HUNT: Isn't it? But you know, that doesn't even bother me. And I'm not bothered by people coming from other states. If the Illinois Republican Party had gotten Colin Powell that would have been a 10 strike and we all would have acknowledged it as such.

(CROSSTALK)

But let me tell you something, this guy has a long way to go. First of all, he shouldn't wear a red and blue tie, Bob. The Illinois colors, as you know, are orange and blue. And ...

NOVAK: I'm glad you finally figured that out. They're not orange and black.

HUNT: Right, which is when you wear your Princeton tie.

(CROSSTALK)

HUNT: But this the problem is Alan Keyes. He's never been elected to anything. He's a fringe figure. He's really a little bit nutty. And he's going to get clobbered, two to one.

O'BEIRNE: Hillary Clinton had never been elected to anything when she ran in New York. At least I'm consistent. I didn't think Hillary Clinton should have done it in New York and I did not think ...

SHIELDS: Did you think Sam Houston should have done it in Texas? Or Ned Baker?

(CROSSTALK)

O'BEIRNE: I don't think it should become routine. And we better watch carefully, or it's going to become more and more common.

NOVAK: I resent -- I'm a personal -- for calling Alan Keyes nutty. I really hate it when liberals, anybody who is a strong conservative is nutty. I really, I think you ought to take those words back or we're going to have your words taken down.

HUNT: Can you do that?

SHIELDS: He's absolutely gone around the bend. He thinks he's in the House of Representatives.

HUNT: Bob, I did say a little. I didn't say a lot.

(CROSSTALK)

O'BEIRNE: Bob, if you want to reach -- I agree about the need to rebuild the Republican Party in Illinois. You don't import somebody. Why wouldn't they find bright, attractive person ...

SHIELDS: Good point.

O'BEIRNE: ...who can't win this time, but could build and build a profile and begin building the party in Illinois.

SHIELDS: Does anyone think that Alan Keyes is going to be there after the election?

O'BEIRNE: No.

(CROSSTALK)

NOVAK: At least...

O'BEIRNE: He's out of there.

NOVAK: At least you hear the gospel from him. I don't know, he might like Illinois. Illinois is a great state, but I really do believe that there is nobody there. There has been such stagnation over the years.

SHIELDS: I want to know one thing: Did Alan Keyes buy a roundtrip ticket to Chicago?

Next on CAPITAL GANG, the CAPITAL GANG "Classic", George W. Bush and Al Gore debating troop strength four years ago.
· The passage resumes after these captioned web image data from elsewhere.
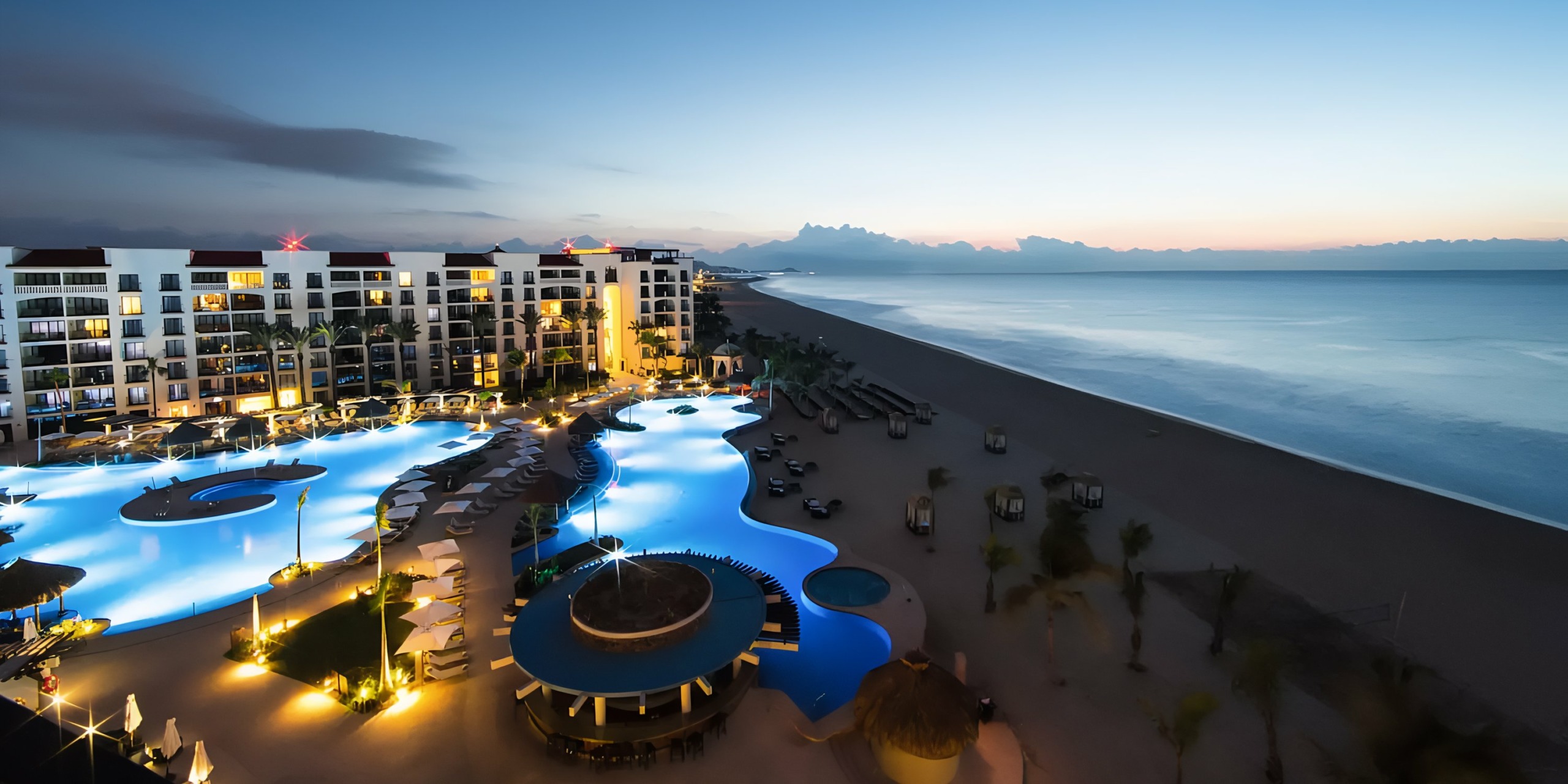 Hyatt Ziva Los Cabos with illuminated pools at twilight.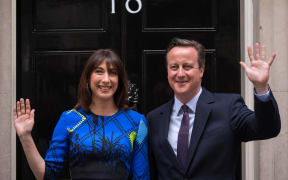 David Cameron and his wife Samantha pose for pictures as they arrive back at 10 Downing Street in London on 8 May.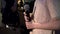 little girl holding a microphone before performing at a children's concert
ANNOUNCER: Here's your CAPITAL GANG trivia question of the week. Illinois Senate candidates Barack Obama and Alan Keyes both did post- graduate work at which university? A) Howard; B) Harvard; or C) Northwestern.

We'll have the answer right after the break.

(COMMERCIAL BREAK)

ANNOUNCER: Right before the break we asked, which university did Barack Obama and Alan Keyes both do post-graduate work? The answer is B, Harvard.

SHIELDS: Welcome back.

Four years ago in appearances before the VFW convention, presidential candidates George W. Bush and Al Gore debated the state of the United States military.

(BEGIN VIDEO CLIP)

GEORGE W. BUSH, PRESIDENT OF THE UNITED STATES: The next president will inherit a military in decline.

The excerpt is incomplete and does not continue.